The girls in these bars were very young and paid a pittance. They earned their keep by enticing sailors to drink. Each time a sailor offered them a drink, they would get a piece of lead (comba), but were careful to drink tea and not anything alcoholic to remain sober. At the end of the day, the prostitutes would exchange the pieces of lead for money.

Each bar kept a box of broken crockery that was carefully arranged around a sailor when he was dead drunk, added Ms Muscat. The barman then called the ship’s captain who paid for the damages, which was deducted from the sailor’s salary.

Caterina Vitale

Caterina Vitale was a woman of Greek origin who married, at the young age of 12, Ettore Vitale – the Order’s pharmacist – in the 17th century.

Ettore was killed two years later when a bomb exploded outside his house.

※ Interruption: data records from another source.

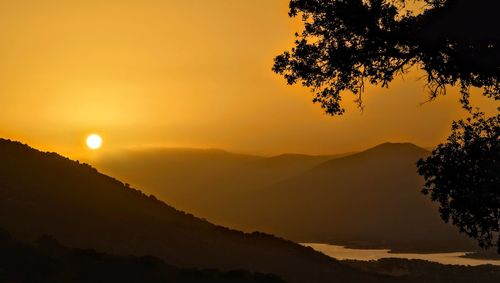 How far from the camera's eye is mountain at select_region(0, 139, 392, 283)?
4159 centimetres

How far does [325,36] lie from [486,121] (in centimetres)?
706

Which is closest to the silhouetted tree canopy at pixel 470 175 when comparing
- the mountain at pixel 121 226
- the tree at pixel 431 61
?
the tree at pixel 431 61

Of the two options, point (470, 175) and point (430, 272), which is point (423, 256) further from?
point (470, 175)

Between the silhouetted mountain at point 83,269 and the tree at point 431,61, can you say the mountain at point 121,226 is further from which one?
the tree at point 431,61

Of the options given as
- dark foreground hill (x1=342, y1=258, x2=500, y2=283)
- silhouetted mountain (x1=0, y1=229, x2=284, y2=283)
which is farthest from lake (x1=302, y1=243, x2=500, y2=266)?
silhouetted mountain (x1=0, y1=229, x2=284, y2=283)

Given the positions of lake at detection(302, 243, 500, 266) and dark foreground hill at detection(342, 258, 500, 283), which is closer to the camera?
dark foreground hill at detection(342, 258, 500, 283)

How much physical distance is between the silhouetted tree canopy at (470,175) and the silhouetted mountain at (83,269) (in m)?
9.77

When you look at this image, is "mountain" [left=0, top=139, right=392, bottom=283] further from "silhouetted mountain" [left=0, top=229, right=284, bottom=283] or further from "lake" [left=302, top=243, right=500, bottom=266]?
"lake" [left=302, top=243, right=500, bottom=266]

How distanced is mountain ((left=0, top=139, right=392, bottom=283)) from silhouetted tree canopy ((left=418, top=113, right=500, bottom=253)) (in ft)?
53.2

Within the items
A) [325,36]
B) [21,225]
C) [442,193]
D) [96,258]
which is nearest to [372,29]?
[325,36]

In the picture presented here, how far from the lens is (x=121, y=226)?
4531 cm

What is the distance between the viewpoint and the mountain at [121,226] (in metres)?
41.6

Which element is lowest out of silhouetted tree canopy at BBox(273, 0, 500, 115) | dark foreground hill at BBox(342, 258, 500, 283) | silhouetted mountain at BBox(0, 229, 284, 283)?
silhouetted mountain at BBox(0, 229, 284, 283)

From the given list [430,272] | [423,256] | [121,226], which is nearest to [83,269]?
[121,226] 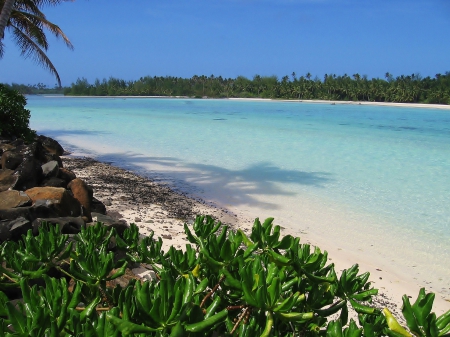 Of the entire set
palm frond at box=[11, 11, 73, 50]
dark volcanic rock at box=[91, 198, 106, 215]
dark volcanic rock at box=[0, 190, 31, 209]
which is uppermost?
palm frond at box=[11, 11, 73, 50]

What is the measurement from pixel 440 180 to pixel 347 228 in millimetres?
4262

At the age of 14, Caterina took over his role as pharmacist of the Order of St John becoming the first female pharmacist in Malta.

However, there was a dark side to the woman. Ms Muscat described her as an “industrial prostitute” who slept with the knights and then threatened to report them unless they bought property or slaves.

She kept eight slaves that she mistreated constantly. These slaves took Caterina to the Inquisitor’s court three times, complaining that she mistreated and whipped them.

However, she was a very crafty woman who always managed to elude justice thanks to her connections.

Caterina was a great benefactor of the Carmelite Church and is in fact buried there. The irony of it all, pointed out Ms Muscat, is that Caterina Vitale is buried on the right hand side of the church while the noblewoman Caterina Scali is buried on the left hand side.

She was also very cruel to her own daughter, added Ms Muscat. Her daughter did not agree with her mother’s lifestyle and, as a way of making amends, decided to go and help the prostitutes at the convent of the Maddalene. However, Caterina went to the convent and forced her out.

She made her daughter marry a middle-aged man and did not even give her a dowry. Her daughter took her to court and was awarded a small dowry – which was a pittance.

When Caterina died, she left all her money and properties to various people, the Order of St John, her niece, the Carmelite Church, the Greek church, but nothing to her daughter.